INFORMATION SHOWN >>
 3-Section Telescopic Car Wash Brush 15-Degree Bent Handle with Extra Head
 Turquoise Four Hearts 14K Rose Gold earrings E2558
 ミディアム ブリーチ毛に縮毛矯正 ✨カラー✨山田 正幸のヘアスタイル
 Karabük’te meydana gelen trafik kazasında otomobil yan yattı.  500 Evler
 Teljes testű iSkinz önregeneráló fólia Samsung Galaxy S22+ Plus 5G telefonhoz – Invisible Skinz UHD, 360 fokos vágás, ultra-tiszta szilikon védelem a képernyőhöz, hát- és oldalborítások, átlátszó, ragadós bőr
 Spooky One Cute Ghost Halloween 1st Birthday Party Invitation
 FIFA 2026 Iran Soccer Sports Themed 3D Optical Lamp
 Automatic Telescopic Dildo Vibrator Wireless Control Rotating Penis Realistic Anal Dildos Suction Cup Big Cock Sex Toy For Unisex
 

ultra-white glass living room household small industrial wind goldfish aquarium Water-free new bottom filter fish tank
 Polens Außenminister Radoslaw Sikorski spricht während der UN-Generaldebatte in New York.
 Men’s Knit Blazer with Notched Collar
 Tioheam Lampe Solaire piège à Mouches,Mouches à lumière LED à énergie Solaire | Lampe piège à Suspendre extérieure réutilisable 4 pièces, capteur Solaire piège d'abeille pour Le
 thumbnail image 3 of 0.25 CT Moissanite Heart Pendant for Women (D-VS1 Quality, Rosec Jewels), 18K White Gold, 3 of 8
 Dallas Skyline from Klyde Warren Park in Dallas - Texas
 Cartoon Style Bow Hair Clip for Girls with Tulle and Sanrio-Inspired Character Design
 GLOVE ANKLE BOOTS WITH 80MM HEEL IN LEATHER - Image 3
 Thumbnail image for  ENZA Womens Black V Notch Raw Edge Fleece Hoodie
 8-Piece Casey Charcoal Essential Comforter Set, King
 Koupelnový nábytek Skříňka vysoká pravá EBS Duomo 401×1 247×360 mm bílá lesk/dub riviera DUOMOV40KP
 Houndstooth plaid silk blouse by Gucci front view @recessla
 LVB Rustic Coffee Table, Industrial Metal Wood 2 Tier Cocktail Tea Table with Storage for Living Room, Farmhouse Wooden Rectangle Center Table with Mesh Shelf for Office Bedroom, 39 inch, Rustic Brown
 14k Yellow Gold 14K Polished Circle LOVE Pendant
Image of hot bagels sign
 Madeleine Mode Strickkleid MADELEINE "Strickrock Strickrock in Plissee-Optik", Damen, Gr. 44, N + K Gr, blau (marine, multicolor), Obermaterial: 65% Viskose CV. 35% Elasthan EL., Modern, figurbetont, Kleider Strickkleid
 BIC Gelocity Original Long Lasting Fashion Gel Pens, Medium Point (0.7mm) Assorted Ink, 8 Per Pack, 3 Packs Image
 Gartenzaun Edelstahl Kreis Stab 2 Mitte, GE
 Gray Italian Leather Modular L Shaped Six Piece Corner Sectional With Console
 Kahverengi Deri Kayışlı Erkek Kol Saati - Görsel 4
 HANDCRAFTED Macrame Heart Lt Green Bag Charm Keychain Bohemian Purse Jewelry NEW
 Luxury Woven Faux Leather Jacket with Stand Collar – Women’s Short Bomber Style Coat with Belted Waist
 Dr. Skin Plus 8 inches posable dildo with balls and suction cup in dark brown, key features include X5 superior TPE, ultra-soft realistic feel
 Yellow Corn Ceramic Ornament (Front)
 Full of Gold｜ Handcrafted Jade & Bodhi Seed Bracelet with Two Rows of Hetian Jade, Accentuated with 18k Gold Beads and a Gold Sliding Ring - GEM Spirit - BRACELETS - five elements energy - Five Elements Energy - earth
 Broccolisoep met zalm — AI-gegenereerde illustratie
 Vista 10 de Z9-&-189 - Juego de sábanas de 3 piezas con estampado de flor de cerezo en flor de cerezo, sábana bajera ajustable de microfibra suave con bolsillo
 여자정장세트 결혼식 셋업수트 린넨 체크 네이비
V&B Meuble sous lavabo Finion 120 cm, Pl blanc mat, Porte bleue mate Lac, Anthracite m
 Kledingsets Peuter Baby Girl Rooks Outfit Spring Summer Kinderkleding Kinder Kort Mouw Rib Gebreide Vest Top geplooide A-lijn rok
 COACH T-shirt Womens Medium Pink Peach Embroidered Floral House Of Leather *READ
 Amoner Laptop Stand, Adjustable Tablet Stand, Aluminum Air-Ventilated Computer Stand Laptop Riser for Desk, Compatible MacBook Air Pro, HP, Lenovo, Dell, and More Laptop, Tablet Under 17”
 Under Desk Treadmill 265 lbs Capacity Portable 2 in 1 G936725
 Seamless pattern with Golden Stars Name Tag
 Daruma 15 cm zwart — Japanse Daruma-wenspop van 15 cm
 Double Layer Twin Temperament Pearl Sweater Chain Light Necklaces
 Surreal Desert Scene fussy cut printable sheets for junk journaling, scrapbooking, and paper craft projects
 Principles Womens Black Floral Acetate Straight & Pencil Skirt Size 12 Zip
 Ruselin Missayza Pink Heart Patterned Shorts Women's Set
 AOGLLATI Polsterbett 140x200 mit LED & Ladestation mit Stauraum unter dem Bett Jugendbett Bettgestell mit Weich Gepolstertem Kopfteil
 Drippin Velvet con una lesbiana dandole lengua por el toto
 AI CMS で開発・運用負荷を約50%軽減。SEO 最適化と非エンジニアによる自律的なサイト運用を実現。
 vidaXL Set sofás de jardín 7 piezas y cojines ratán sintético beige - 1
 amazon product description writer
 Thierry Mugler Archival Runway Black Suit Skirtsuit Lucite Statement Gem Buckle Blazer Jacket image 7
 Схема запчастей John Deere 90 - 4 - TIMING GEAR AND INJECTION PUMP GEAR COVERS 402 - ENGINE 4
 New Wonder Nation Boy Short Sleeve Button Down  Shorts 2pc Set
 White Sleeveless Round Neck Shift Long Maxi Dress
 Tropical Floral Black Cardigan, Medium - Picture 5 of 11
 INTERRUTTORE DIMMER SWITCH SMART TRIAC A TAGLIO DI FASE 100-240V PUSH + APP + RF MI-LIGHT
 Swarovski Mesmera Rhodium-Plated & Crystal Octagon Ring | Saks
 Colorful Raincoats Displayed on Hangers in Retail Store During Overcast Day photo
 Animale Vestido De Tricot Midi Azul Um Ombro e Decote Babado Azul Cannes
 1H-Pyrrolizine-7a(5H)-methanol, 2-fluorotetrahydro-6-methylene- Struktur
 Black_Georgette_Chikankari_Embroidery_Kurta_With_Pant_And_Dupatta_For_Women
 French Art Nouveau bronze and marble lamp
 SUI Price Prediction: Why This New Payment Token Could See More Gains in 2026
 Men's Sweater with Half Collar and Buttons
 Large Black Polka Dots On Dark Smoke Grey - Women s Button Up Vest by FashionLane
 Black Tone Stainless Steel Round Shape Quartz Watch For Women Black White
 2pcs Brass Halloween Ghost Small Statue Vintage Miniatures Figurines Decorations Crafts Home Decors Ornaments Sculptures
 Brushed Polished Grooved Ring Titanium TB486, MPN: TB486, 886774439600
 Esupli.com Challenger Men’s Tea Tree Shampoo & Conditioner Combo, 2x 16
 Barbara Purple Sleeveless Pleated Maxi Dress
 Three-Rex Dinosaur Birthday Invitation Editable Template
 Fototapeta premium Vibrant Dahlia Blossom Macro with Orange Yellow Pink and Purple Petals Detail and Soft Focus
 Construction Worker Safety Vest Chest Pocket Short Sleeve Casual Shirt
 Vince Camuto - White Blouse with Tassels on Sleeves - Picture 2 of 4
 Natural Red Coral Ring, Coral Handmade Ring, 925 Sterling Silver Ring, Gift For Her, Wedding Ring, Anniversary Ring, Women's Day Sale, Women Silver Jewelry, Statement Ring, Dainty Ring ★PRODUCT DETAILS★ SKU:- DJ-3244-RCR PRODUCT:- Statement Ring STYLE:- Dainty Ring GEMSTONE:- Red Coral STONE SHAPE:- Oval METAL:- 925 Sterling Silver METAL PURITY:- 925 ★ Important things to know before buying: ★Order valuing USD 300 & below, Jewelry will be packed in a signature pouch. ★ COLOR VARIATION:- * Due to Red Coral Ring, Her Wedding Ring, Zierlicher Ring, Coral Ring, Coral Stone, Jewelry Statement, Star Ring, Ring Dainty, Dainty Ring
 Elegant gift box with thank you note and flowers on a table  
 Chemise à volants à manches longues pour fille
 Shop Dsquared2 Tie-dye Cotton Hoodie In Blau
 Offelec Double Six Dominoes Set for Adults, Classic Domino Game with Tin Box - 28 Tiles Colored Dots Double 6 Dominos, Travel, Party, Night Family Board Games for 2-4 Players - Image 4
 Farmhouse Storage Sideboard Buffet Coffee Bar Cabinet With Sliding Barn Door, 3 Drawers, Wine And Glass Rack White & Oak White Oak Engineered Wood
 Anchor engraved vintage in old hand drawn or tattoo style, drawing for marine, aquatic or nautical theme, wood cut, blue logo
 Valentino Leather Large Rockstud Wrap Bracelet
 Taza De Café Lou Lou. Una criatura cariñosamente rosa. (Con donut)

WHAT YOU SHOULD DO >> Taking the entries above, write out exactly the lines starting with the line containing "Chemise à volants" and going on through the line containing "Offelec Double Six", both included, and nothing else.

WRITTEN ANSWER >>
 Chemise à volants à manches longues pour fille
 Shop Dsquared2 Tie-dye Cotton Hoodie In Blau
 Offelec Double Six Dominoes Set for Adults, Classic Domino Game with Tin Box - 28 Tiles Colored Dots Double 6 Dominos, Travel, Party, Night Family Board Games for 2-4 Players - Image 4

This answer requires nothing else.